Why do we do experiments?
With today's article, I would like to talk about experiment design. With its roots in Psychology, experiments have always played an important role in Human-Computer Interaction (HCI). Designs benefit from data and that data often can come from experiments. From the very early days, experiments allow us to collect data to quantitatively analyze our designs and see if they perform as we hope they do. Also, we do experiments to understand the differences in performance. Those differences in HCI and IxD come in a couple of forms. How do humans interact with your design? How fast are they? How many errors do they make? All these can be captured in preferences.
Great user-experiences come from a deep and nuanced understanding of the people who will be using them. When experiments are used in HCI they tend to have a narrow scope and usually address specific aspects of human-computer interface design.
Three major consideration
In every experiment there are at least three major considerations:
Let’s start with participants, how many do we need for our experiments? There is not a specific number but the more participants you have, the better because a wider number of participants give you more power, which is the ability to detect differences. Also, always ask yourself who are they? Where do they coming from? How do they become part of our study? All these questions are related to sampling.
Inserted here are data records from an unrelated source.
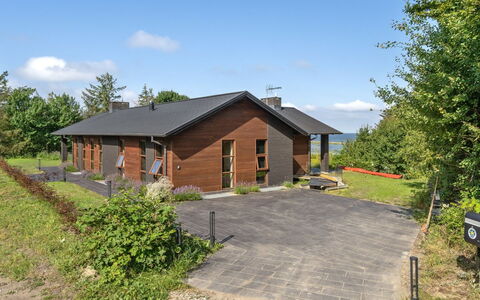 Andri - 600M to the Fjord: Wood, Roof, Architecture, Home, House, Cottage, Siding, Hardwood, Slope, Estate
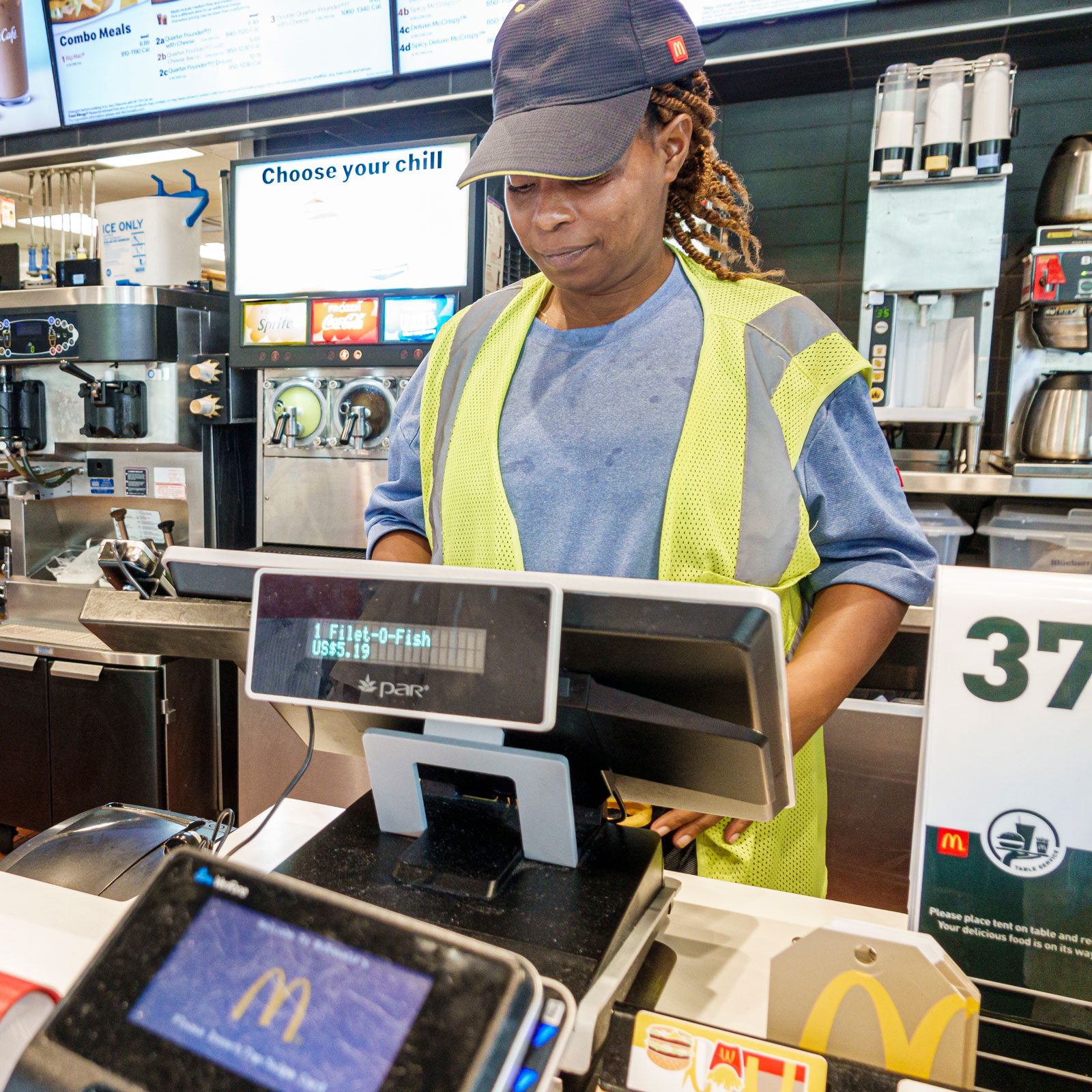 Mcdonald's cashier taking fast food order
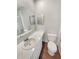 Clean bathroom with vanity, toilet and shower/tub combo at 2354 S Troy St, Aurora, CO 80014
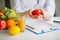 Conceptual Photo Of A Female Nutritionist With Fruits On The Desk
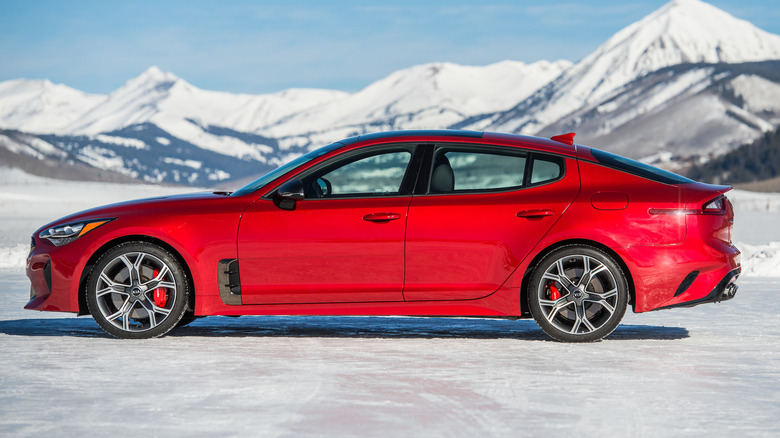 The driver's side view of 2021 Kia Stinger parked on a snowy surface with mountains in the background
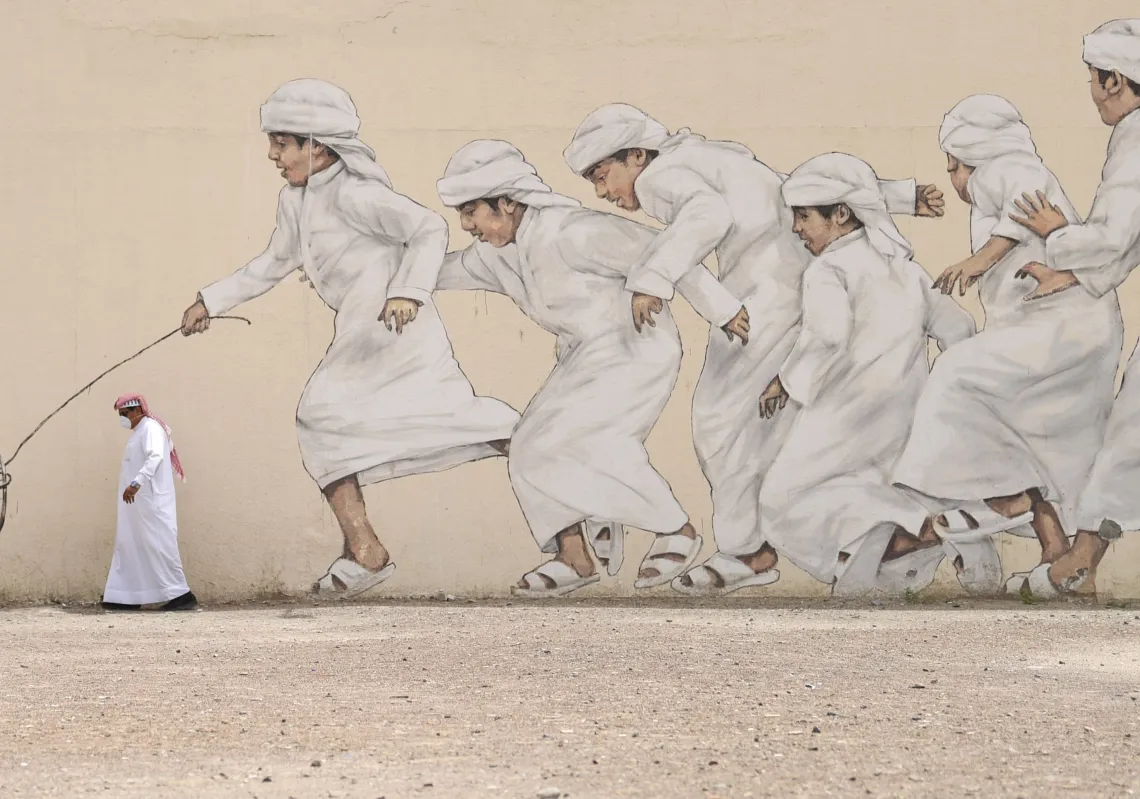 An Emirati man, wearing a protective face-mask, walks past a graffiti in Dubai on March 28, 2020.(Getty)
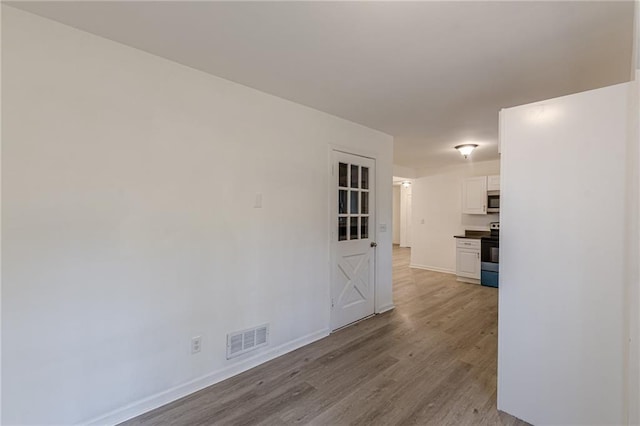 empty room featuring light wood-type flooring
Sampling and sampling theory is a deep topic that relates to how we select subjects for our study from a larger population about which we want to draw inferences. There are many kinds of sampling, but they fall generally into two categories:
Probability sampling: Technique in which the researcher chooses samples from a larger population using a random selection.
Non-probability sampling: Does not depend on randomness as much, but uses other approaches.
It’s common in design studies and HCI to use non-probability sampling techniques because are a more valuable and practical method for researchers deploying surveys in the real world. Some types of non-probability sampling methods are convenience sampling, snowball sampling, and quota sampling.
The second consideration is apparatus, that is the technical equipment, machinery, space and, other resources needed for the study. Are we running the experiment in a lab? a studio? Do I need to build anything or have built something for people to test and try? And how data will be captured? Often, if we are doing computational artifacts we can write log files. The computer or device can write log files directly based on what the user is doing with the device, and we analyze those files later. We might have just direct human-observation where we make notes or record things based on what we see. But with COVID-19, research sessions have become fully remote. We can no longer meet participants in person. But I will talk about this another day, for now, let’s just stick to our major considerations for experiments design.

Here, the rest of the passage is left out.